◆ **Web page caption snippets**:
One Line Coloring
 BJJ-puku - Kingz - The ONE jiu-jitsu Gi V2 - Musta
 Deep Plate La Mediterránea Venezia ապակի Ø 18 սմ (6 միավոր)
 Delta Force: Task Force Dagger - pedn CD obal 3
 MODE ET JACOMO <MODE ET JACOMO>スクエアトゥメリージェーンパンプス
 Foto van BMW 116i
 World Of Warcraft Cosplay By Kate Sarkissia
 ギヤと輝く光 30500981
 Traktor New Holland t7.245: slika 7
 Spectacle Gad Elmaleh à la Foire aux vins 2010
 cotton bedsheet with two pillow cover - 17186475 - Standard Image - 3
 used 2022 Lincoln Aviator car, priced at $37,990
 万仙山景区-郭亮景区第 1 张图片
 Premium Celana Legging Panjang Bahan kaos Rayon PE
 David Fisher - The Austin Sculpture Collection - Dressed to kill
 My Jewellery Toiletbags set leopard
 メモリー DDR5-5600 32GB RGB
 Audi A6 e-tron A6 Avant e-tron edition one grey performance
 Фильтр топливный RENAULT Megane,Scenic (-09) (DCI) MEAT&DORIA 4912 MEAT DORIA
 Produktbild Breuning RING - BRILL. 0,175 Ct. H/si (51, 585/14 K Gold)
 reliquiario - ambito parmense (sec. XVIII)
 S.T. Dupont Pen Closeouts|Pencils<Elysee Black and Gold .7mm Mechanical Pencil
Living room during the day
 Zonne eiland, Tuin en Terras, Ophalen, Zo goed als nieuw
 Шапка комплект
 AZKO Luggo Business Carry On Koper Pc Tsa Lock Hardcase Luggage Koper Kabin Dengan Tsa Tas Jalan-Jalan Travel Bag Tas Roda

◆ **Problem statement**:
Every line of the entries above that includes "Gold" should be copied.

◆ **Written solution**:
 Produktbild Breuning RING - BRILL. 0,175 Ct. H/si (51, 585/14 K Gold)
 S.T. Dupont Pen Closeouts|Pencils<Elysee Black and Gold .7mm Mechanical Pencil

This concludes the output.